War Karl Nolle inhaltlich nur wenig Paroli zu bieten, gab er mit einer Bemerkung in der Sebnitz-Debatte seinen Gegner eine Steilvorlage. Biedenkopf würde die Situation in Sebnitz, so Nolle, möglicherweise wegen seiner Familientradition in der NS-Zeit herunterspielen. Diese gelinde gesagt unglückliche Kombination zweier für sich genommen richtiger Tatbestände konnte sich das informelle Anti-Nolle-Bündnis nicht entgehen lassen. Den Anfang machte ausgerechnet die politisch blasse SPD-Landesvorsitzende Constanze Krehl, die ihrem Parteifreund vorwarf, er nehme die Familie Biedenkopf in »Sippenhaft«. Die Unterstellung von Nazimethoden blieb unwidersprochen. Statt dessen wurde es auch in der Landtagsfraktion zunehmend einsam um Nolle. In einer geschlossenen Sitzung, an der selbst Mitarbeiter nicht teilnehmen durften, soll es zugegangen sein, als sollte die Feme wieder eingeführt werden.

Zuletzt standen nur noch die Stadtvorsitzende Marlies Volkmer und die Dresdner Jusos offensiv zu ihrem Wunschkandidaten. Der umtriebige Genosse, so die Juso- Chefin Sabine Friedel im Gespräch mit jW, habe mit seiner OB-Kandidatur ihrer Organisation einen regelrechten Schub versetzt, da »sein Engagement immer auch jungen Menschen gilt«. Wie es jetzt weitergehe, würden die nächsten Tage zeigen, ein Wolfgang Berghofer aber ist für die Studentin »nicht unterstützbar«. Das könne auch bedeuten, noch einen eigenen Kandidaten aufzustellen.

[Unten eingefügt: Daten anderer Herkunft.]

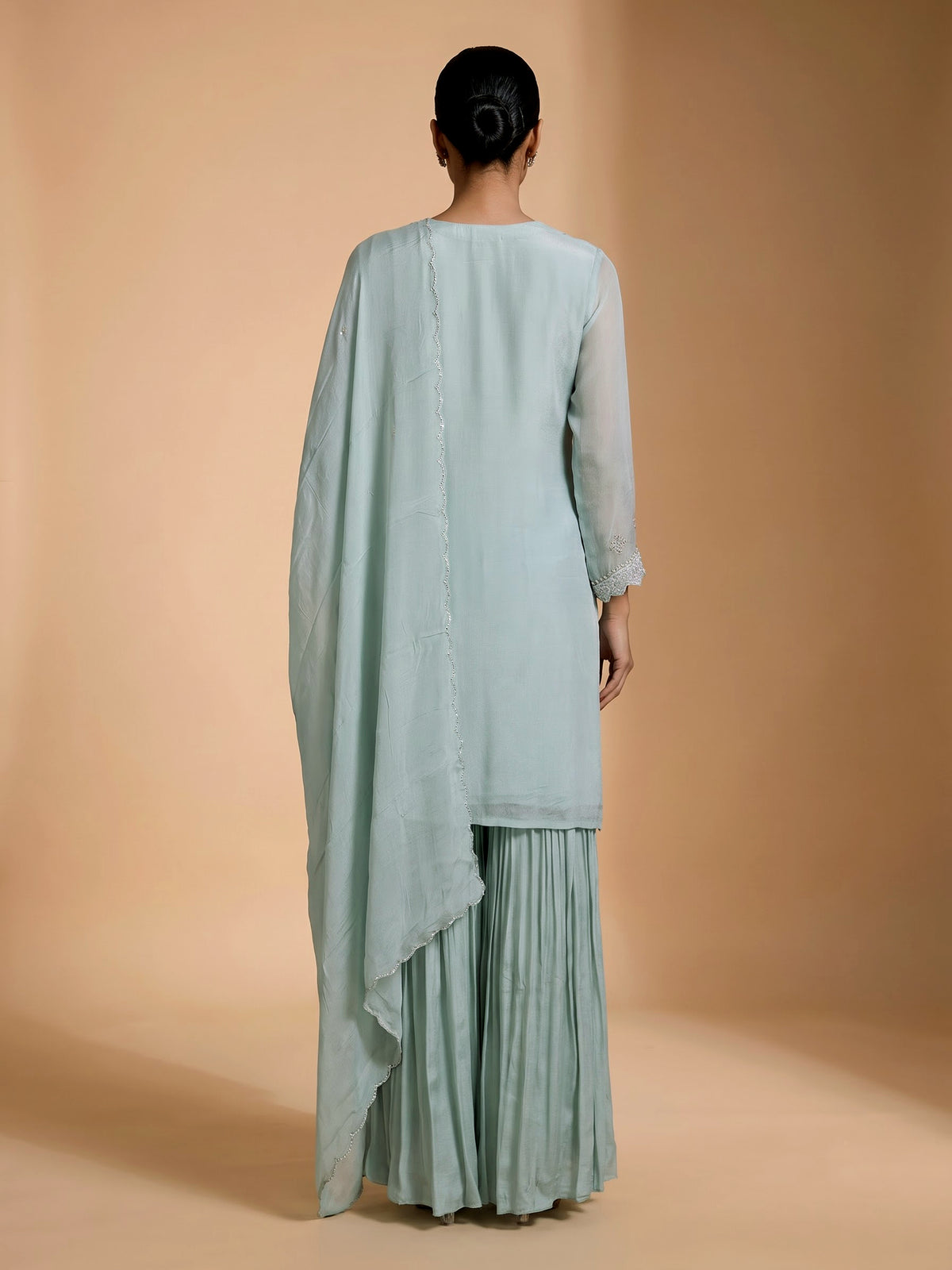 Pista green chiffon silk sharara suit with embellished dupatta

Da müssen ihr die Worte ihrer Landesvorsitzenden wie politisches Harakiri vorkommen, die wenige Stunden nach dem »freiwilligen« Rücktritt Nolles per Presse verkündete, man müsse sich bei Interesse an der Ablösung des CDU-OB auch Gedanken zu Berghofer machen. Ähnlich tonnenideologisch statt inhaltlich-politisch argumentiert auch der PDS- Fraktionschef Ronald Weckesser in einem Interview: »Wozu braucht man denn ein Programm, wenn man Oberbürgermeister werden will? Das ergibt sich doch aus dem Leben: Knappe Kassen und eine konservative Mehrheit ...«

Das politische und körperliche Schwergewicht Karl Nolle hatte in bezug auf sich und den jetzigen OB Wagner von einer Wahl-»Alternative: Dick oder Doof« gesprochen. Die jetzt anstehende Auswahl zwischen Berghofer und Wagner sei, so ein PDS-Mitglied in der örtlichen Parteizeitung an seine Oberen, die Wahl zwischen Pest und Cholera.